At the meetings, the group helped Musk begin designing his better, faster, cheaper rocket. Many of the initial decisions were made by Musk, who has surprised people with his technical know-how (and who is also the company’s chief technology officer). “I am very impressed with how fast he came up to speed,” says Philip McAllister, director at Futron Corp., an aerospace consulting firm. “He seems to have gotten a good grasp on not only the technical hardware but how the business works.”
Although everyone at SpaceX is working on the Falcon I, Musk isn’t shy about proclaiming a much bigger goal. “We work harder than other companies,” a holiday party flyer reminds staffers, “because we are quite literally shifting the course of history to open space for humanity.” Ultimately, says Musk, he wants to make space travel attainable by ordinary people. “I think human exploration of space is very important,” Musk says. “Certainly, from a survival standpoint, the probability of living longer is much greater if we’re on more than one planet.”
But if Musk seems to veer off into Twilight Zone territory here, he just as quickly circles back to hard reality. After all, he has spent more than $50 million of his own money so far and says he’s willing to go as high as $100 million — maybe higher. “I tell my wife that if this fails, we’ll have to move into my parents’ basement,” he laughs.
He acknowledges that the failure rate for a first-time launch is generally high, and says that he’s willing to fund as many as three of them before giving up. Still, he professes a giddy optimism that the maiden launch will be successful. “Touch the bloody wood,” Musk says, putting both hands down on the table. “I think we’ve got well over a 90% chance of success in the first launch.”

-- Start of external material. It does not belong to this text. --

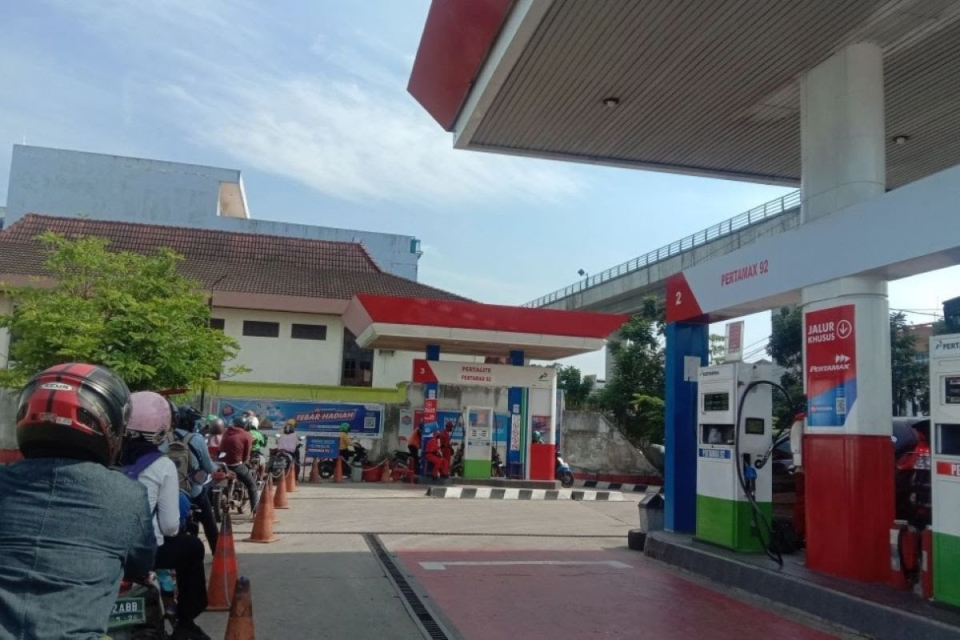 Mulai Hari Ini Warga Menunggak Pajak Kendaraan Dilarang Beli BBM Subsidi, Ada Risikonya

Can Musk and his merry band pull it off? Not everyone is rooting for them. Earlier this year, Northrop Grumman sued SpaceX over the pintle engine, which was developed by TRW, now owned by Northrop. Northrop claims that SpaceX violated trade secrets, but SpaceX has countersued, claiming that Northrop is trying to extend a patent that has expired with its trade-secrets argument. The case is in discovery, and could put a freeze on the Falcon I, although no one seems concerned. There’s also the prospect that the government, still the biggest source of business in this market, will continue to favor the big defense companies. “They absolutely can be successful, but the biggest risk is government,” says Andrew Beal, CEO of Beal Bank, who spent more than $100 million on an earlier effort to build a private rocket. “My advice is to be careful.”
Others wonder whether there is actually a market for such small payloads, since until now the cost of the launch has made it pointless to send them up. Musk believes, in a classic Field of Dreams strategy, that if you make the launch cost-effective, the business will appear. “He can make something happen,” says John Garvey, CEO of Garvey Spacecraft Corp., a small aerospace tech-development company. “But I have questions as to whether the market can make something happen.”
In November, problems with the injector caused another short delay in the launch, moving it to late February, over a year behind the original schedule. The news was certainly disappointing. But there was no overt gnashing of teeth or pulling of hair over the development, which Musk disclosed over pizza at the regular Friday meeting. Everyone absorbed it, rolled up their sleeves, and got back to work. They were building a rocket, after all, not to mention trying to change the world.
Jennifer Reingold is a Fast Company senior writer.